2

I am curious whether I am missing something in the Polars Expression library in how this could be done more efficiently. I have a dataframe of protein sequences, where I would like to create k-long substrings from the protein sequences, like the kmerize function below.

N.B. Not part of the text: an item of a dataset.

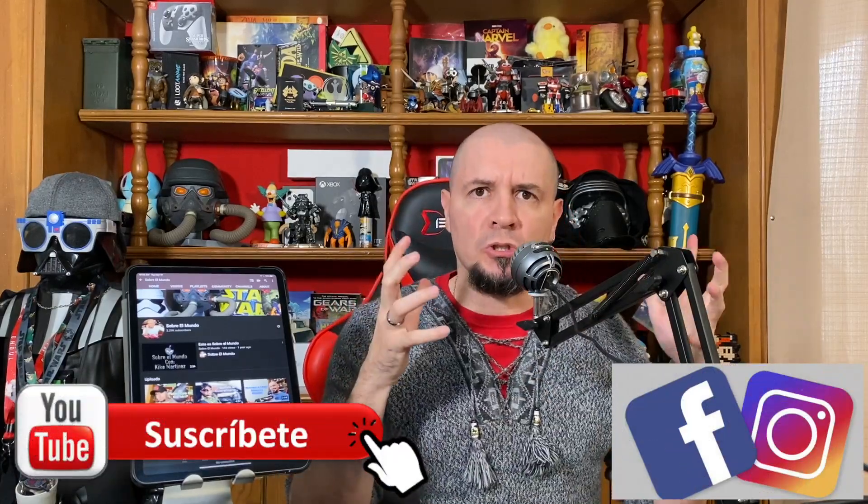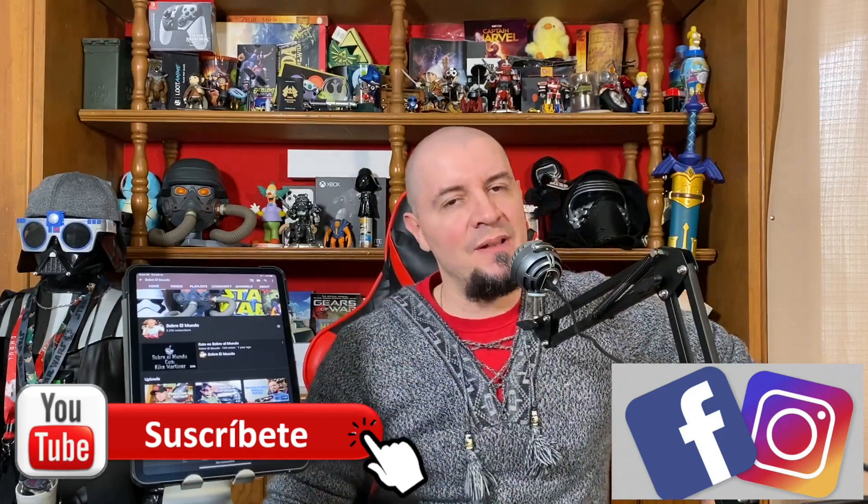Con esta iPad sinceramente esos problemas se van de cajón. Aparte, vamos a usar muchísimo las cámaras que tiene para darle más versatilidad a nuestro canal. Esta es nuestra opinión y este es el review — es fantástica esta iPad. Pero si ustedes quieren adquirir una, chéquense primero qué iPad tienen. Si tienen un iPad Pro no le muevan, pero si tienen otro tipo de iPad y quieren algo que se acerque a la potencia de una laptop o MacBook, esta es. Esos son nuestros dos centavos. Quique Martínez con ustedes, esto es sobre el mundo. Si no se han suscrito a nuestro canal y a nuestras redes sociales, ¿qué están esperando? Hasta luego.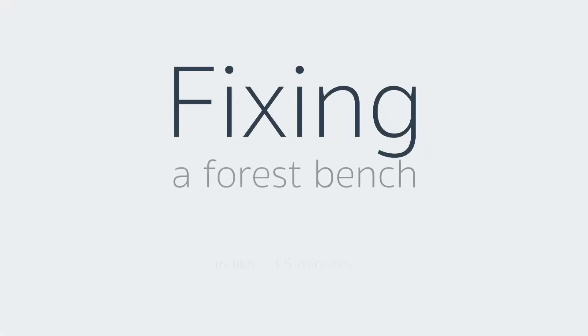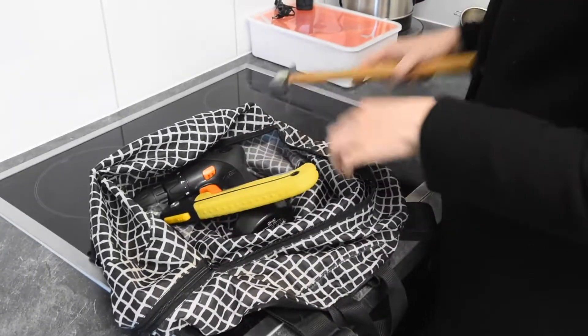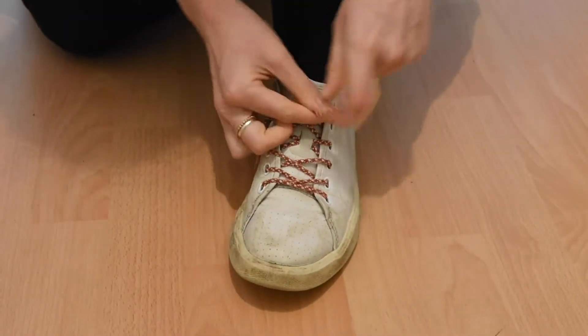Okay, let's go. There's some screws we can take. Yes. Awesome.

def kmerize(sequence, ksize):
    kmers = [sequence[i : (i + ksize)] for i in range(len(sequence) - ksize + 1)]
    return kmers

Within Polars, I did a group_by on the sequence, where within map_groups, the sequence was repeated by its length and exploded, then a row index was added. This row index was used to slice the sequences into k-mers, and then filtered by only keeping k-mers of the correct size.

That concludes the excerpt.